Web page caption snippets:
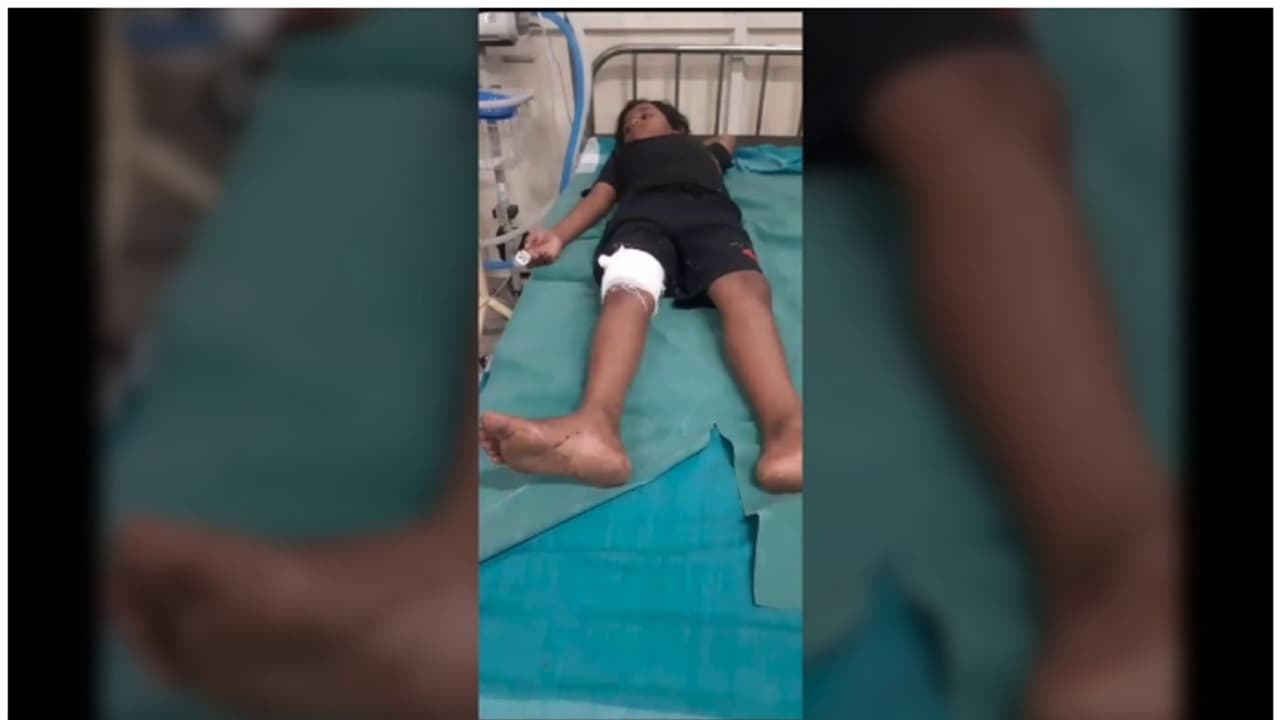 ശബരിമലയിൽ കാട്ടുപന്നി ആക്രമണത്തിൽ 9 വയസുകാരന് പരിക്ക് 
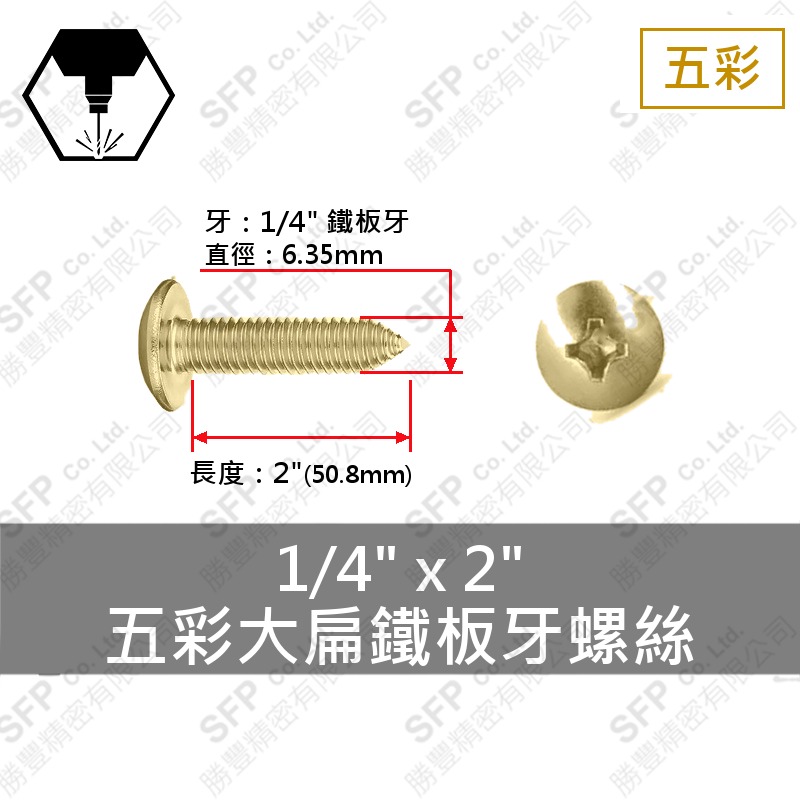 五彩大扁鐵板牙螺絲 1/4"*2"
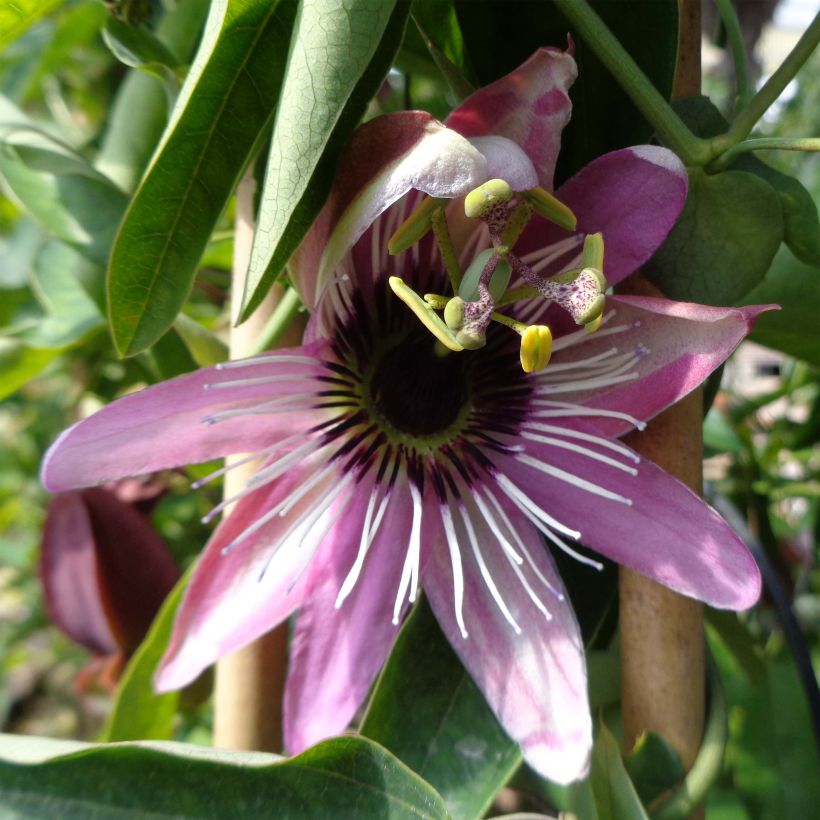 Passiflora caerulea x racemosa- Passion Flower (Flowering)
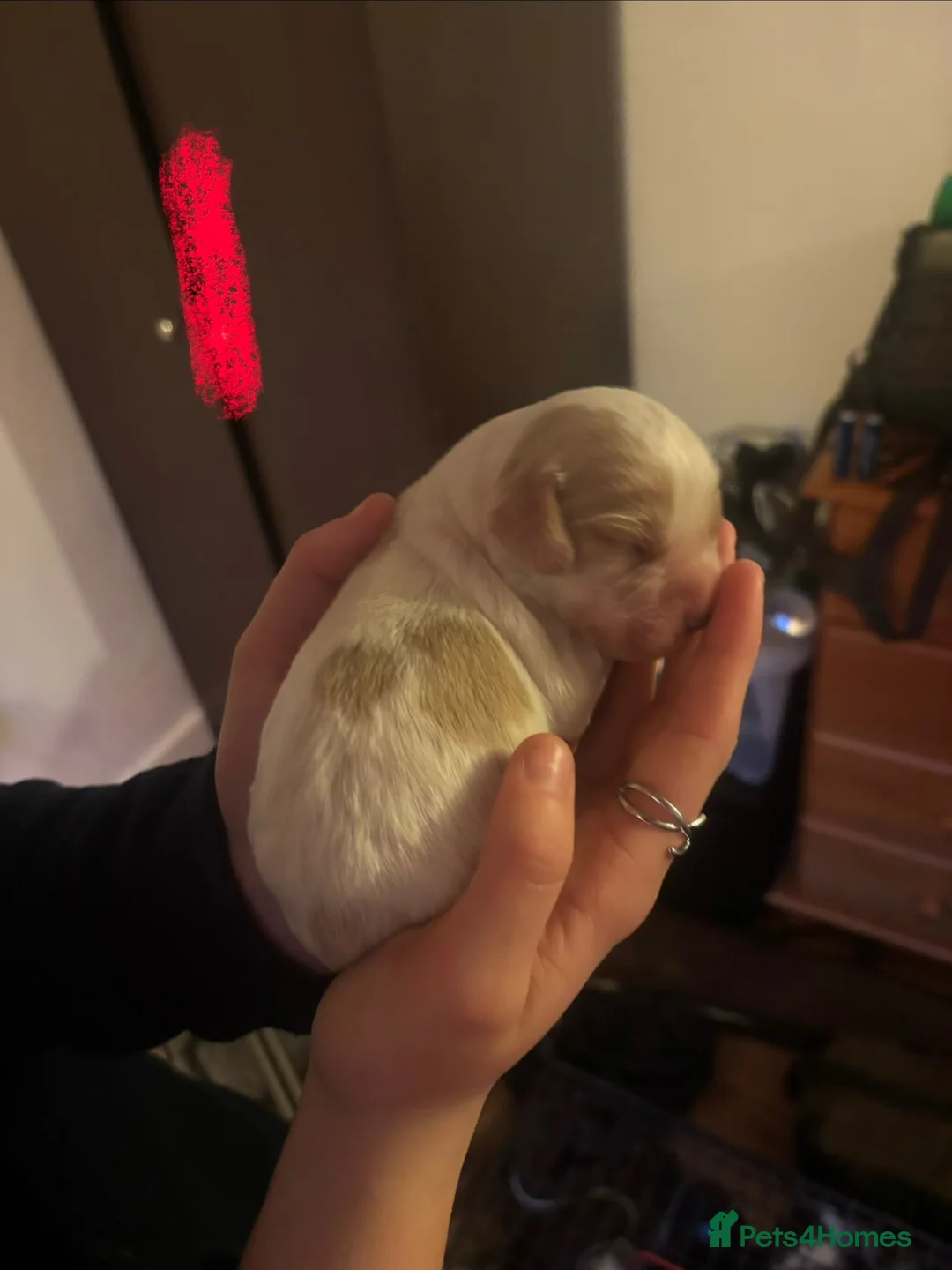 Cocker Spaniel dogs for sale: Cocker spaniel puppies due  - Advert 1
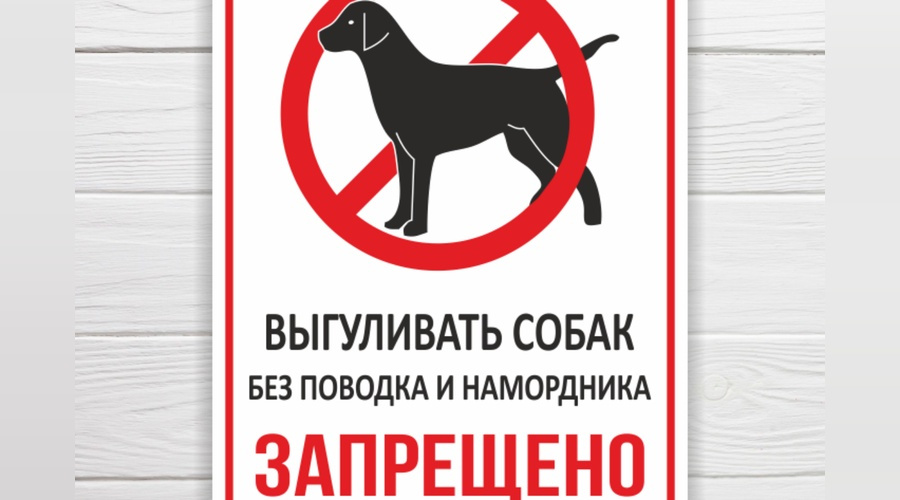 Троих владельцев собак привлекли к ответственности за нарушение правил выгула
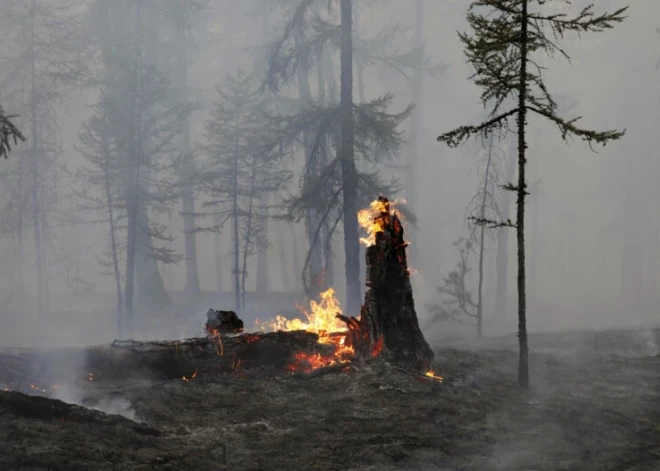 В Латвии в этом году потушено уже 236 лесных пожаров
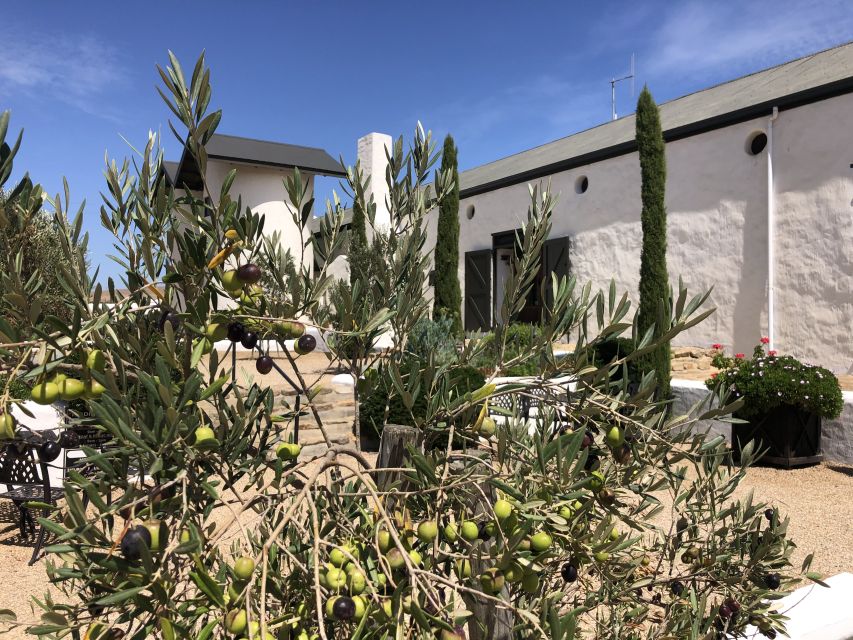 From Cape Town: Wildlife Safari, Olive, Beer & Wine Tasting - Lunch and craft beer at Darling Brew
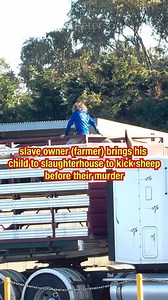 Yesterday, animal rights activists held a vigil to document The Animal Holocaust, witnessing the final moments of life for animals before they were murdered. One slave owner brought his child along to assist in kicking and forcing the sheep off the vehicle. It is deeply concerning to see a child being conditioned from such a young age to believe that enslaving, abusing, and murdering non-human people is “normal” and “acceptable”. After unloading the animals, the driver exited the slaughterhouse 
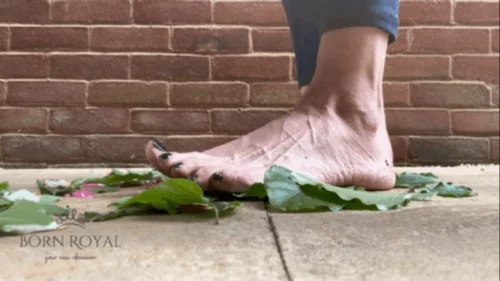 Bornroyal Feet - Giantess crushes leaves
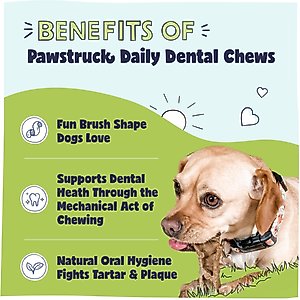 Pawstruck Dental Chew Brush Small Dogs Treats, 15 count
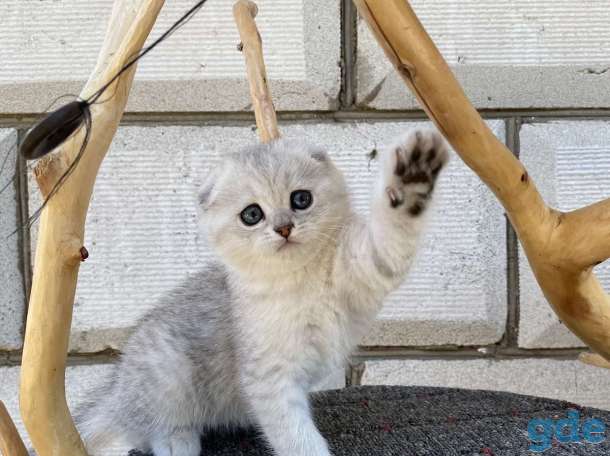 Шотландские котята, фотография 3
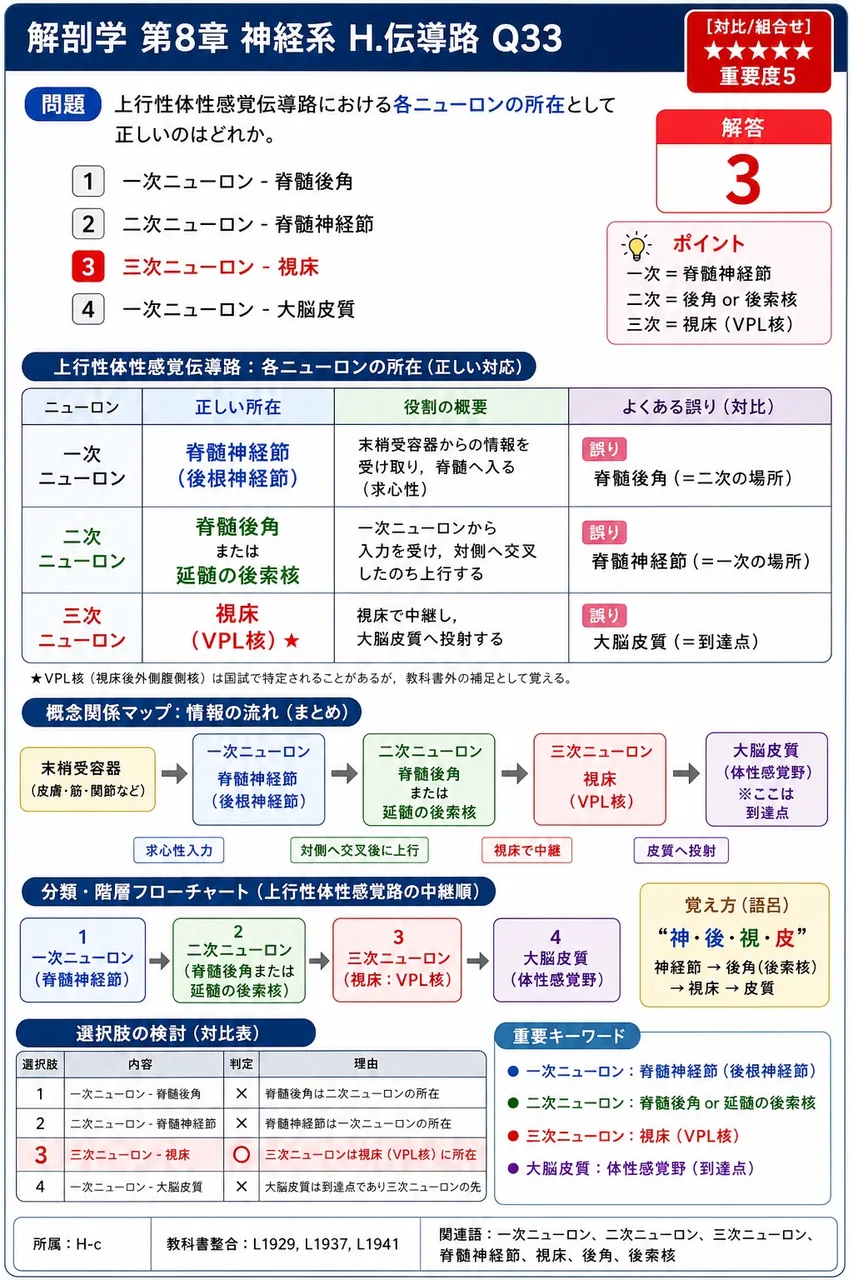 上行性体性感覚伝導路における各ニューロンの所在として正しいのはどれか。 解説図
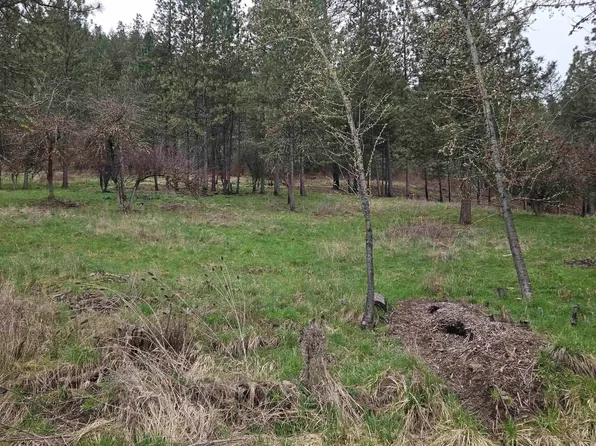 Pine St Lot 3, Peck, ID 83545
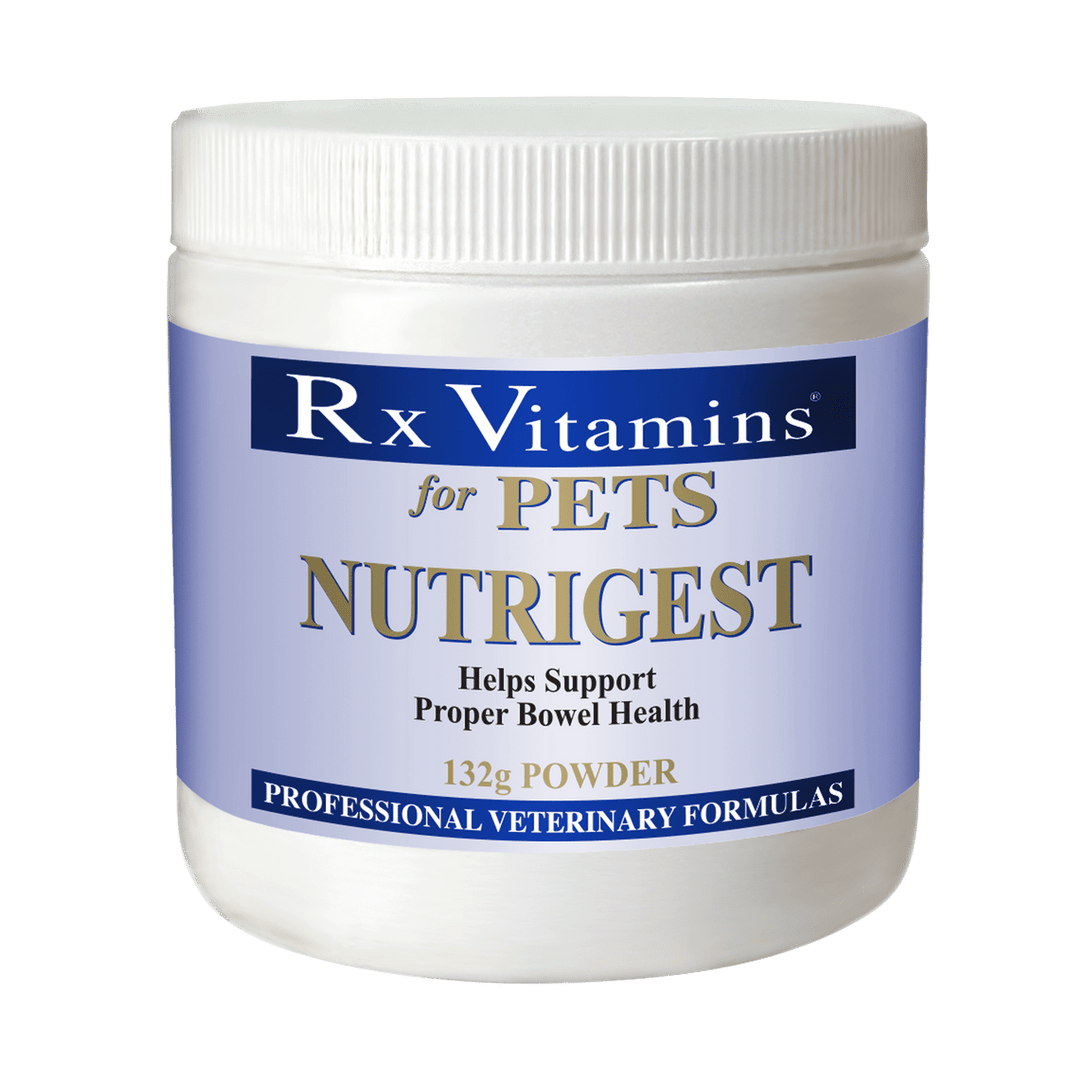 Rx Vitamins for Pets NutriGest Powder for dogs and cats, 4.65 oz, pet bowel support supplement from MHP.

[INSTRUCTIONS TO FOLLOW]: Keep the pictures out and repeat exactly the lines from the beginning of the data through the line that contains "From Cape Town: Wildlife", both ends included.

[COMPLETED EXERCISE]:
 ശബരിമലയിൽ കാട്ടുപന്നി ആക്രമണത്തിൽ 9 വയസുകാരന് പരിക്ക് 
 五彩大扁鐵板牙螺絲 1/4"*2"
 Passiflora caerulea x racemosa- Passion Flower (Flowering)
 Cocker Spaniel dogs for sale: Cocker spaniel puppies due  - Advert 1
 Троих владельцев собак привлекли к ответственности за нарушение правил выгула
 В Латвии в этом году потушено уже 236 лесных пожаров
 From Cape Town: Wildlife Safari, Olive, Beer & Wine Tasting - Lunch and craft beer at Darling Brew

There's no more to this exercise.